最近、毎日のように次の山について考えています

2001年12月1日 手紙

最近、毎日のように次の山について考えています。目標が決まらず、それに向けてのトレーニングもできない日々は、なぜか無駄な時間を過ごしている様にさえ感じてしまうのです。

確かに昔から私の中での理想のクライミングはあります。7,000メートル以上の高峰に2,000メートル以上の切り立った壁があり、私の持っている能力を最大限に発揮しなければならない氷と岩があるルートを、アルパインスタイルで登ることです。しかし何千という山の中から選び出すのは易しいことではありません。今にも落ちそうなセラックが上部にあったり、掴んだだけで剥がれそうな岩質も良くありません。これらはあまりにも客観的危険性が高すぎます。

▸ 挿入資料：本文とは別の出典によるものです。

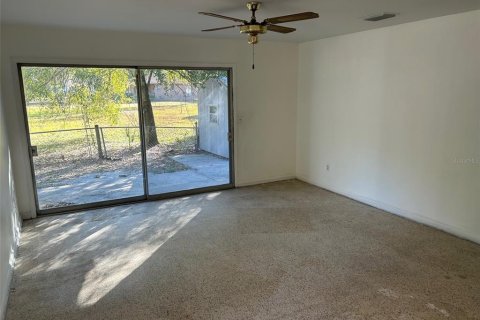 Villa ou maison à vendre à Tampa, Floride: 4 chambres, 126.72 m2 № 2116534 - photo 4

時々私は山を選ぶ能力が少ないのではないかと思ったりします。たとえばイギリスのミック・ファウラは、だれが見ても美しくそして難しいルートを選び、アルパインスタイルで登りきるのです。私は体力、テクニック、精神面などはそこそこのレベルを持ってます。しかし最も重要なのはどんな山を登るかだと思ってます。残念ながら何人かのヨーロッパのクライマーたちは私より良い目を持っていると思います。私はあと何年ハードなクライミングが出来るかは分かりませんし、一回一回のクライミングについて、じっくり考え、美しい山を選び、それに向けトレーニングをし、良いラインを私らしいスタイルで登りたい、今それだけを思っています。